Synopsis : 1972. La championne de tennis Billie Jean King remporte trois titres du Grand Chelem. Mais loin de se satisfaire de son palmarès, elle s’engage dans un combat pour que les femmes soient aussi respectées que les hommes sur les courts de tennis. C’est alors que l’ancien numéro un mondial Bobby Riggs, profondément misogyne et provocateur, met Billie Jean au défi de l’affronter en match simple…
Acteurs : Emma Stone, Elisabeth Shue, Steve Carell, Andrea Riseborough, Jessica McNamee, Chris Parnell, Sarah Silverman, Alan Cumming.
En 2012, six ans après le road movie Little Miss Sunshine, les époux Jonathan Dayton et Valerie Faris nous avaient proposé Ruby Sparks (Elle s’appelle Ruby). Un film intéressant qui n’égalait pas le précédent. C’était un conte romantique, bien interprété par Paul Dano et Zoe Kazan (la scénariste et qui partage également sa vie avec Paul dans la vie "réelle") et qui invitait à réfléchir sur la relation avec son conjoint et les dangers de vouloir qu’elle (il) soit ce que l’on désire !
Une histoire vraie (encore aujourd’hui)
Avec Battle of the Sexes, ils s’attaquent à une "histoire vraie" qui s’est déroulée dans le milieu du tennis, notamment féminin.

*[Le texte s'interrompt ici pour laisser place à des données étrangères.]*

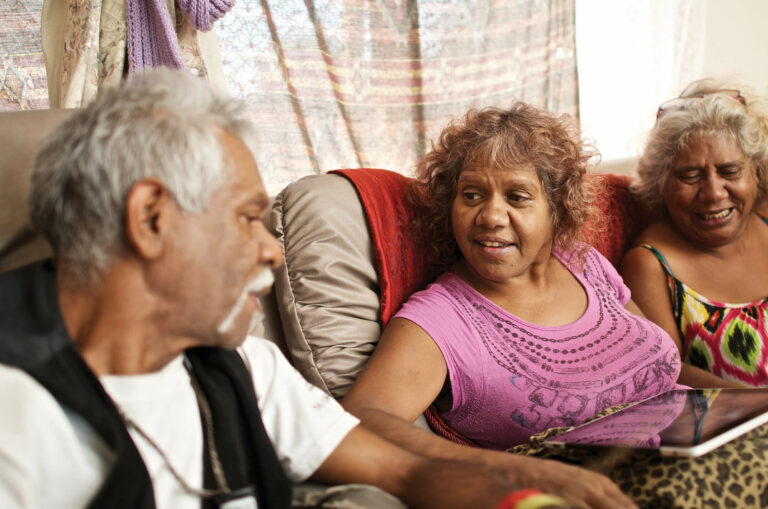 Three elderly indigenous Australians talking together smiling.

Le hasard des programmations fait que le film sort le même jour en Belgique que Borg/McEnroe (ce n’est pas le cas en France). Il s’agit ici d’un autre "match du siècle", celui qui a opposé en 1973 Billie Jean King et Bobby Riggs. Ne vous attendez pas à 2 heures de tennis car le film n’y consacre que ses quinze dernières minutes. Le film est construit sur deux axes le premier s’attache aux revendications des joueuses de tennis d’avoir une égalité de primes avec leurs homologues masculins. Une revendication "féministe" qui semble dater fameusement alors qu’il n’en est rien. Cette égalité n’est pas encore acquise dans le milieu du travail. Elle ne l’est pas non plus en matière de sport. Pour anecdotique qu’elle soit, la polémique autour de la différence de primes entre les vainqueurs homme et femme est significative du fait que rien n’a vraiment changé.
La machisme ordinaire
Les revendications des joueuses de tennis vont conduire Billie Jean King a créer sa propre association en 1973, la Women’s Tennis Association (WTA) (elle en sera la première présidente). Le film rend bien compte d’un machisme ordinaire pour qui la place des femmes est à la cuisine et au lit. C’est ce machisme qui a conduit au silence coupable sur les nombreux abus contre des femmes dont la presse et les médias sociaux se font l’écho, pour le meilleur et pour le pire [1] nous parait intéressante) depuis l’affaire Harvey Weinstein. Cet axe du biopic est bien développé et les différents protagonistes rendent bien compte de cette ambiance, au risque parfois de la caricature selon certains. Il n’empêche, qui n’a pas entendu aujourd’hui des mots analogues à ceux prononcés il y a quarante-cinq ans dans le film ?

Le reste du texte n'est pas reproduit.